The funding could potentially catapult XAI’s valuation to over $120 billion, a staggering leap for the startup. While XAI has not yet responded to the request for comment, one of the sources hinted that the funding amount could exceed $20 billion, as the exact amount and terms are yet to be determined.
XAI Holdings is a new initiative by Elon Musk that consists of Musk’s AI venture, xAI, and X, a social platform formerly known as Twitter. In March, Elon Musk confirmed that XAI acquired X in an all-stock transaction. The deal valued xAI at $80 billion and X at $33 billion, including $12 billion in debt. xAI also acquired generative AI video startup Hotshot in March.
“xAI and X’s futures are intertwined. Today, we officially take the step to combine the data, models, compute, distribution and talent. This combination will unlock immense potential by blending xAI’s advanced AI capability and expertise with X’s massive reach,” Musk said.

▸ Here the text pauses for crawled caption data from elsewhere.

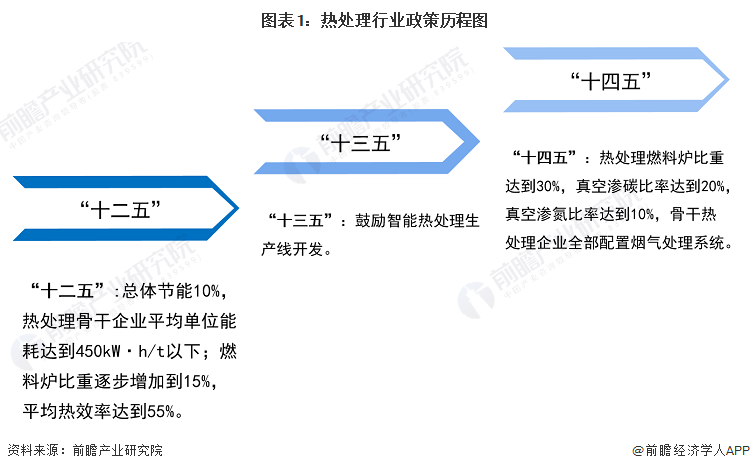 重磅！2024年中国及31省市热处理行业政策汇总及解读（全）(图1)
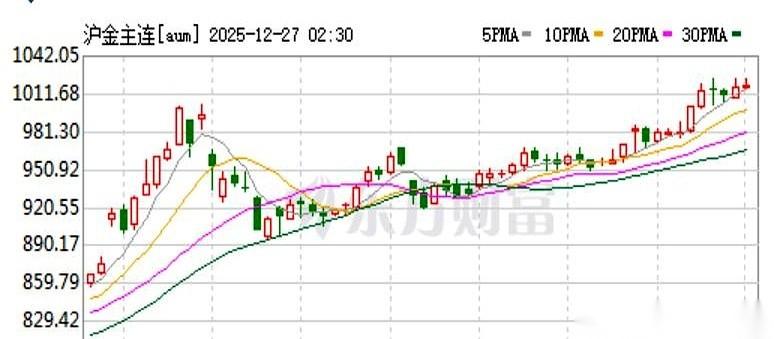 黄金都快冲出太阳系了，白银也疯了似的，结果你跑去买那些挖矿的股票，以为能跟着坐火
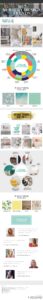 2017 Nursery Trends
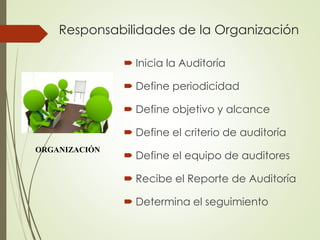 Responsabilidades de la Organización
 Inicia la Auditoría
 Define periodicidad
 Define objetivo y alcance
 Define el criterio de auditoría
 Define el equipo de auditores
 Recibe el Reporte de Auditoría
 Determina el seguimiento
ORGANIZACIÓN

Elon Musk acquired then-Twitter in 2022 for $44 billion, and a part of it was raised from individual investors and investment banks. As the report reads, the latest funding could be used for repaying some of Musk’s debt, which he took for transitioning Twitter into a private company.
Bloomberg previously reported that X has paid about $200 million in debt-servicing costs related to its buyout. Also, by the end of 2024, the firm’s annual interest expense was more than $1.3 billion.
Meanwhile, some of the funding might also be used to develop the Colossus 2 Supercomputer. The giant AI supercomputer is expected to host 1 million NVIDIA GPUs, worth about $35 to $40 billion.